Physics 410: Computational Physics (Fall 2000)



Instructor: Matthew (Matt) W. Choptuik
Office: Hennings 413 --- Office Hours: TBA and by appointment
Office Phone: 822-2412 --- Home Phone: 222-9424
E-mail: choptuik@physics.ubc.ca
Course Home Page: http://laplace.physics.ubc.ca/People/matt/410/
Instructor's Home Page: http://laplace.physics.ubc.ca/People/matt/index.html

Final Schedule

  • Syllabus
  • News (last update Wednesday Dec 6, 5:00 PM)
  • FINAL EXAM REVIEW TOPICS are available HERE
  • Course Topics
  • Course Notes
  • Suggested References
  • Course Related Software
  • Course Resources
  • Homework Schedule, Problem Sets and Keys
  • Suggested Term Projects
  • Student Pages
  • Computer Access Info: [P & A Computer Labs], [NT Lab Hours], [SGI Machines], [Lnx Lab (PCs)]


    Course Overview

    This course will provide an introduction to techniques and applications in computational physics. Topics to be covered include: Unix fundamentals; symbolic & numeric computation and programming with Maple; scientific programming using Fortran 77; basic numerical analysis; simulation of lattice and particle systems; random numbers and Monte Carlo techniques. There will be a significant programming component in virtually all stages of the course: tutorials with the instructor will be provided for those of you requiring additional help with programming. See below for a concise syllabus and the Course Topics page for a more detailed description of course coverage.

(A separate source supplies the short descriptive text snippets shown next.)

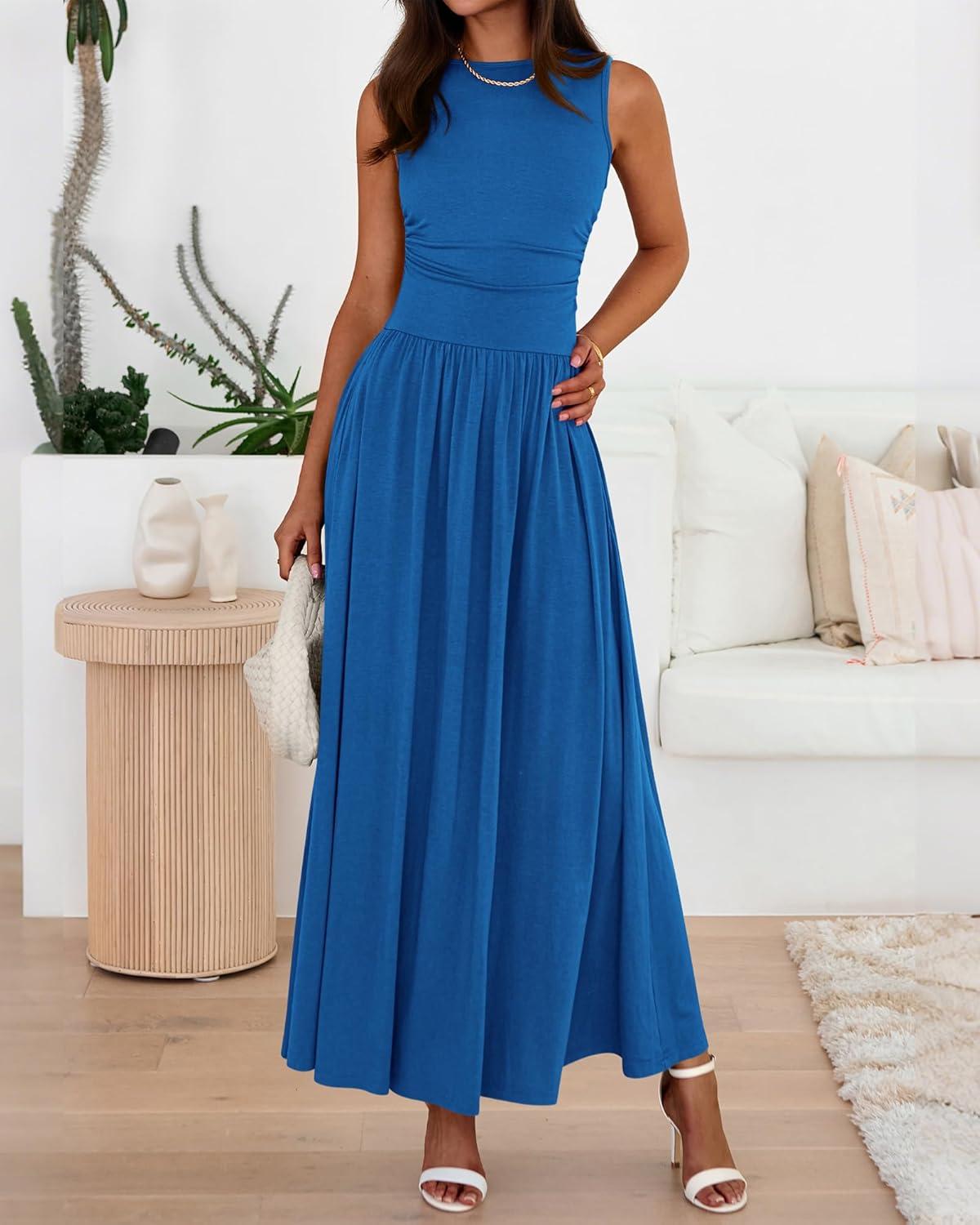 imageBTFBM Summer Maxi Dresses for Women 2026 Spring Sleeveless Casual Ruched High Waisted Long Sundress Flowy Beach DressBlue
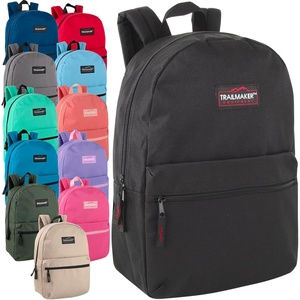 image:imageTrail maker 24 Pack 17 Inch Backpacks in Bulk Backpacks for Boys Girls School and Homeless DonationAssorted 12 Colors Pack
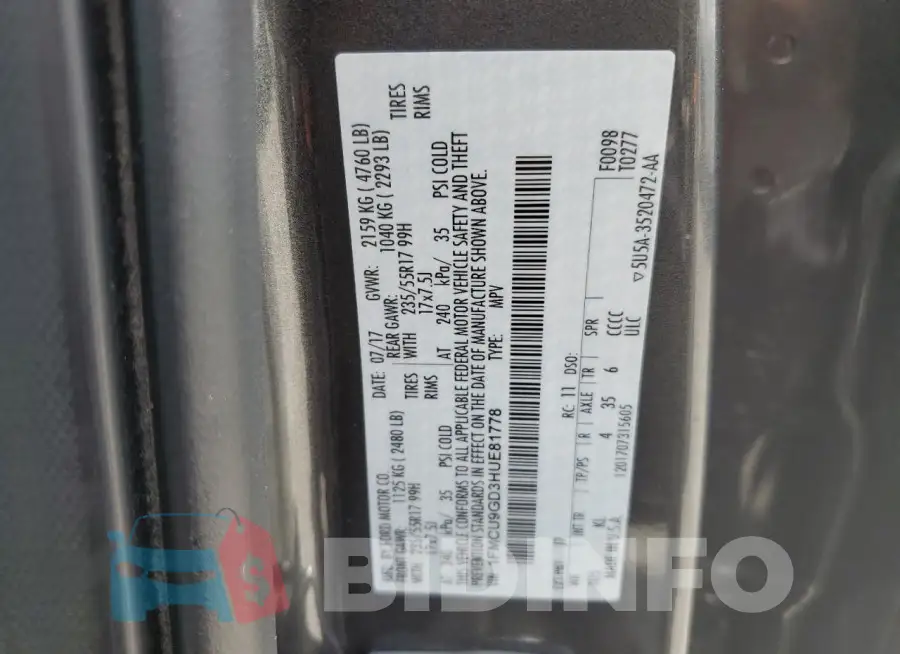 1FMCU9GD3HUE81778 Photo# 13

    Text: Due to the significant diversity in topics to be covered, there is no required text for the course. For testing purposes, you will be responsible only for material covered in lectures and homework assignments. I will distribute some class notes when appropriate, but you will usually be responsible for taking notes in class. The optional text, Numerical Recipes (2nd edition), by Press et al is particularly recommended for those of you who anticipate doing further numerical work. Note, however, that the full text of the book is available on-line. Also note that there are distinct Fortran 77 and C versions of the book: choose the one which you feel will suit you best. See the Suggested References page for texts and other references pertinent to the course, and the Course Resources web page for a collection of on-line reference/instructional material.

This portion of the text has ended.